DRAMA: USA, 2006
Regie: Ryan Fleck
Darsteller: Ryan Gosling, Shareeka Epps, Jeff Lima
Der engagierte, linksliberale Geschichtelehrer Dan Dunne hat ein Problem. Ein Drogenproblem. Die Realität entgleitet ihm zusehends. Eines Tages wird er von einer Schülerin zugedröhnt auf der Toilette erwischt. Doch sie verpfeift ihn nicht, sondern zeigt ein gewisses Verständnis. Zwischen den beiden entsteht eine Beziehung der besonderen Art...
KRITIK:Die heimischen Filmverleiher scheinen in ihrer eigenen Zeitrechnung zu leben:
Das amerikanische Independent-Drama HALF NELSON wurde 2006 gedreht, 2007 auf der Viennale präsentiert, 2008 auf DVD veröffentlicht und kommt nun Anfang 2009 in eine Handvoll heimischer Programmkinos.
Für nur 700.000 Dollar Produktionsbudget schuf der junge amerikanische Regisseur Ryan Fleck ein überzeugendes Drama um einen Lehrer an einer Brooklyner Highschool, dessen Drogensucht ein offenes Geheimnis ist, seit er von einer Schülerin auf dem Klo beim Crack rauchen erwischt wurde. Es folgt eine komplizierte Lehrer-Schüler-Beziehung, aber anders als sonst.
Ryan Fleck weicht etwaigen Klischeefallen großräumig aus: So gibt es KEINE erotische Komponente in der Beziehung zwischen dem Pädagogen und seiner minderjährigen Schülerin, keinen moralisch erhobenen Zeigefinger, kein aufgesetztes Happy End.
Der Film nimmt sich Zeit, fast zuviel Zeit für die Einführung seiner Charaktere. Soll heißen: HALF NELSON ist stellenweise eine etwas langatmige Angelegenheit. Weil die Figuren aber interessant & glaubwürdig sind, klappt das emotionale Reinkippen (für mich immer noch DAS Kriterium für einen guten Film) recht gut.
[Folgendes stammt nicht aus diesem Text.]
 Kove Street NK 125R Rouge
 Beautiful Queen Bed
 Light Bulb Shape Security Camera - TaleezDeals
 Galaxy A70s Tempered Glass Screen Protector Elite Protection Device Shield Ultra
Viel ist im Film von Veränderung die Rede, von Dialektik, laut Wikipedia: Die Lehre von den Gegensätzen in den Dingen. Der Film ist selbst voll von Gegensätzen: Ein weißer Lehrer, seine farbige Schülerin. Ein Intellektueller, der sich betäubt, um die geistlose Realität um ihn herum zu ertragen. Der Wissen vermittelt und nicht weiß, wie er sein Leben in den Griff kriegt.
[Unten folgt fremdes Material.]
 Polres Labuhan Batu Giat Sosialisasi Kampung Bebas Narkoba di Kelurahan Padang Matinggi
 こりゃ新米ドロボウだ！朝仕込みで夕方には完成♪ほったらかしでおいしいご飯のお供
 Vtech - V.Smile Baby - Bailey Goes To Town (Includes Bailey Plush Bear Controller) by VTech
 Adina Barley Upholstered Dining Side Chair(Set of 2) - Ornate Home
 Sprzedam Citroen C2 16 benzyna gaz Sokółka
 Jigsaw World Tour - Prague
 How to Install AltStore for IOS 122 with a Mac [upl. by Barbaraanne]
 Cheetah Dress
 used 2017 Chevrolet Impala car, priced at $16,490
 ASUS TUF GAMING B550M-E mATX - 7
Und noch ein Gegensatz: So sehr der Film inhaltlich und schauspielerisch überzeugt (Oscar-Nominierung für Ryan Gosling!), so sehr schwächelt er auf formaler Ebene: Karge, schlecht ausgeleuchtete Digitalvideo-Bilder mit "Bourne"-scher Wackelkamera irritieren das Auge, mittelprächtiger US-Rock (Broken Social Scene etc.) und MTV-HipHop bedröhnt die Ohren.
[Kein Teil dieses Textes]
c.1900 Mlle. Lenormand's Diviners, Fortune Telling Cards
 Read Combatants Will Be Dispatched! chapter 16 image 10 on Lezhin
Und den Witz mit der Milka-Kuh (in der deutschen Synchronfassung) muss mir bitte noch jemand erklären. Im Original heißts:
A: Knock, knock.
B: Who is there?
A: The Intercepting Cow.
B: What is the ...
A: Moooooh.
"Was hat dich bloß so ruiniert?" (Die Sterne).
HALF NELSON ist Junkie-Ballade, Schuldrama und Milieustudie, inhaltlich und schauspielerisch top, visuell (budgetbedingt?) eher flop. Sollte man aber trotzdem sehen.